---- INPUT DATA

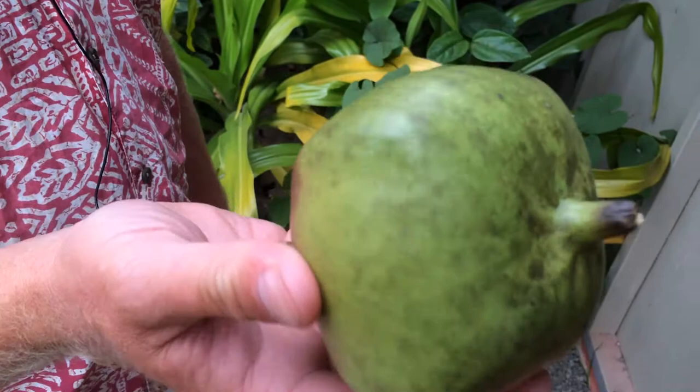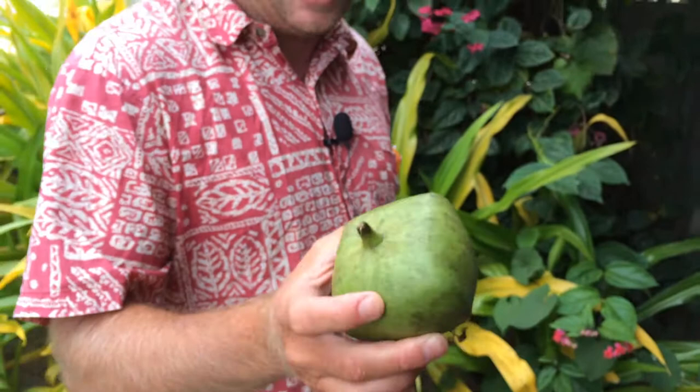Hey John, what's that in your hand? This is the fruit of Barringtonia Asiatica, otherwise known as the fish poison tree, or to locals here on Atataki, Utu. Utu!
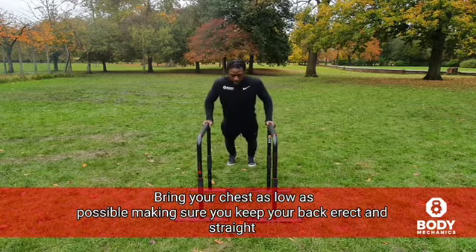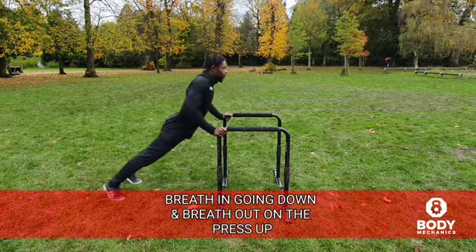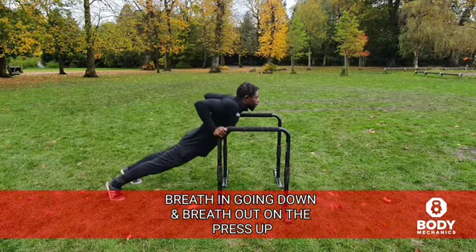Bring your chest as low as possible, making sure you keep your back erect and straight. Breathe in going down and breathe out on the press-up.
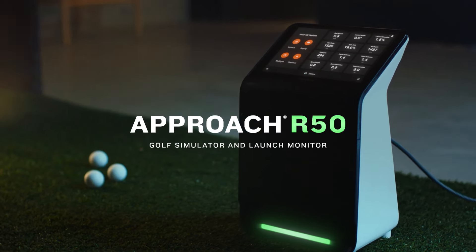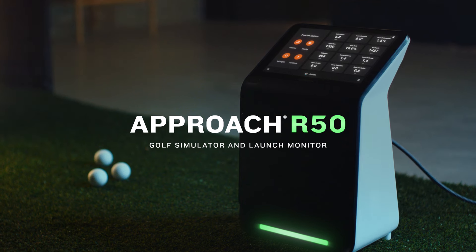Whether you're competing to win on the Garmin Golf leaderboards, or just playing for fun — Approach R50. Get a tee time, anytime.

--------

**EXERCISE:** Go through the data above and print exactly the lines from its first line through the line holding "Bring your chest", both included, leaving pictures aside.

**OUTPUT FOR THIS EXERCISE:**
Hey John, what's that in your hand? This is the fruit of Barringtonia Asiatica, otherwise known as the fish poison tree, or to locals here on Atataki, Utu. Utu!
Bring your chest as low as possible, making sure you keep your back erect and straight. Breathe in going down and breathe out on the press-up.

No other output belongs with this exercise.